*Problem to work on:* Each entry below is to be reproduced exactly, though any pictures it holds must be omitted.

(Data excerpts)

----------

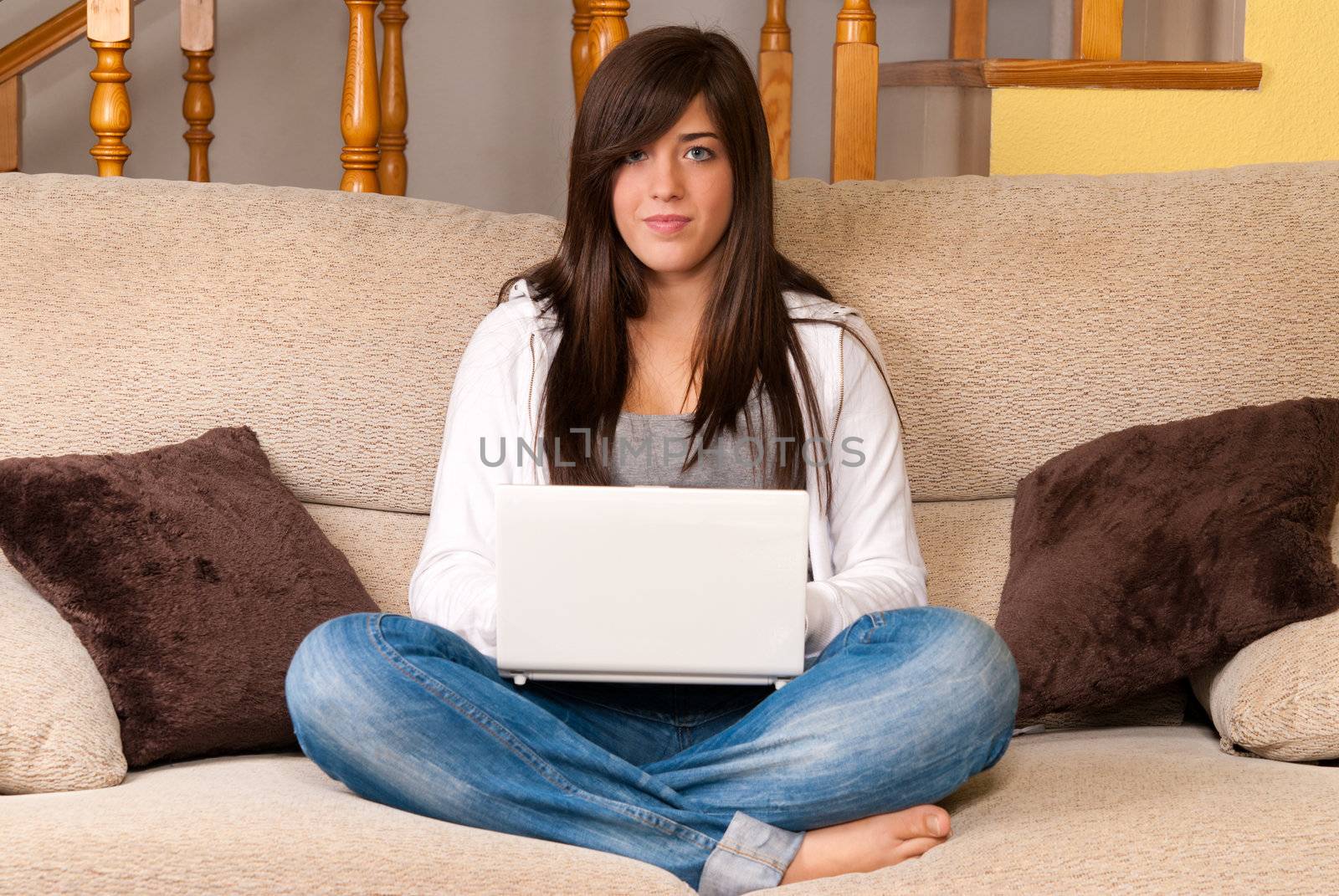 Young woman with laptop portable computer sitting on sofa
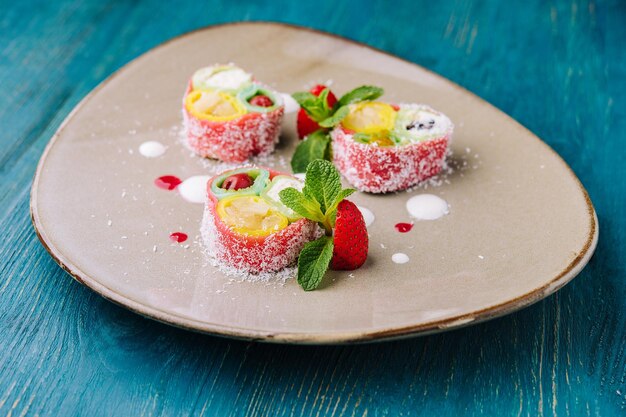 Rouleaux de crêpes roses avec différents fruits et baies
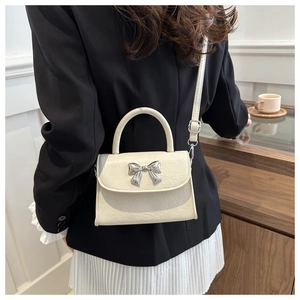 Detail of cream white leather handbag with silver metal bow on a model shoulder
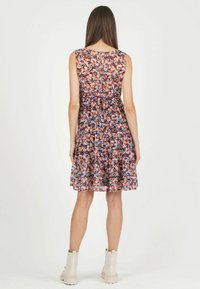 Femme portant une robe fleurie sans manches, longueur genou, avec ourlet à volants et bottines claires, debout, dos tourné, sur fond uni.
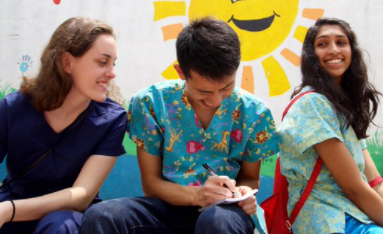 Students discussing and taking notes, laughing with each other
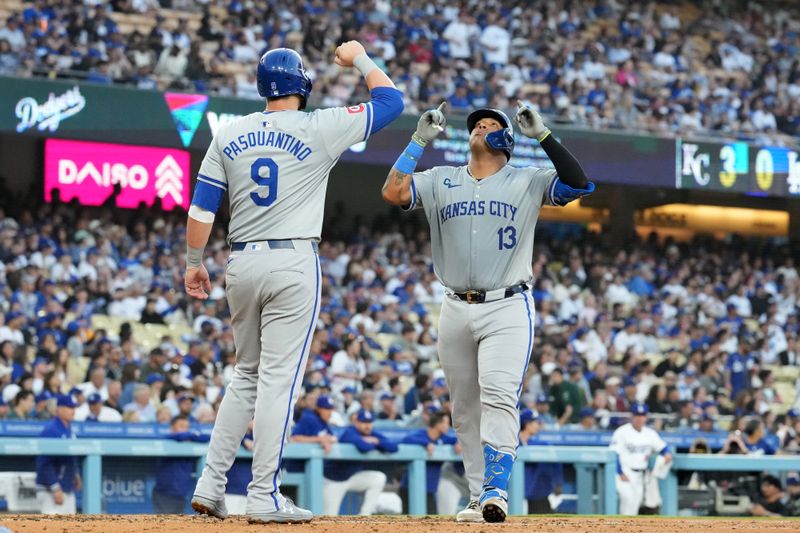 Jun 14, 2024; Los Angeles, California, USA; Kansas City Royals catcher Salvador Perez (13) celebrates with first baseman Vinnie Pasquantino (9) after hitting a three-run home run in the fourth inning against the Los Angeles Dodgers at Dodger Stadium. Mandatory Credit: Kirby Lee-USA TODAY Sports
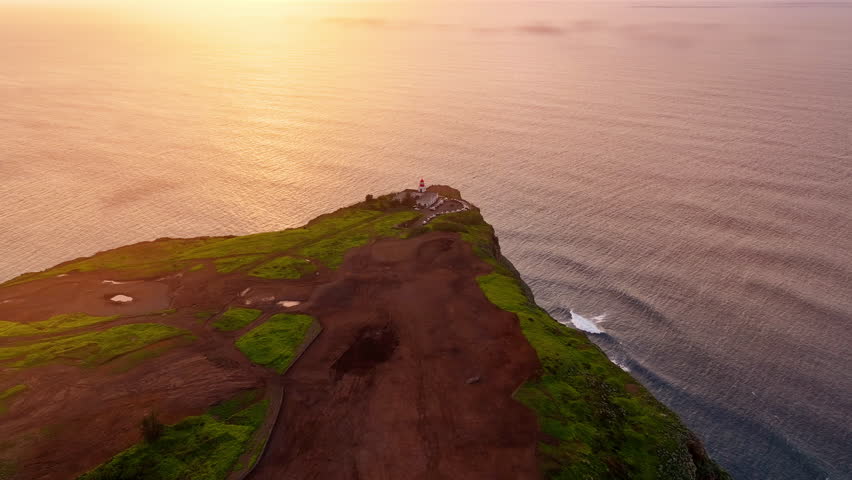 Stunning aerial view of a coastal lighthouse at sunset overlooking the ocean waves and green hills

----------

*Response to this task:*
 Young woman with laptop portable computer sitting on sofa
 Rouleaux de crêpes roses avec différents fruits et baies
 Detail of cream white leather handbag with silver metal bow on a model shoulder
 Femme portant une robe fleurie sans manches, longueur genou, avec ourlet à volants et bottines claires, debout, dos tourné, sur fond uni.
 Students discussing and taking notes, laughing with each other
 Jun 14, 2024; Los Angeles, California, USA; Kansas City Royals catcher Salvador Perez (13) celebrates with first baseman Vinnie Pasquantino (9) after hitting a three-run home run in the fourth inning against the Los Angeles Dodgers at Dodger Stadium. Mandatory Credit: Kirby Lee-USA TODAY Sports
 Stunning aerial view of a coastal lighthouse at sunset overlooking the ocean waves and green hills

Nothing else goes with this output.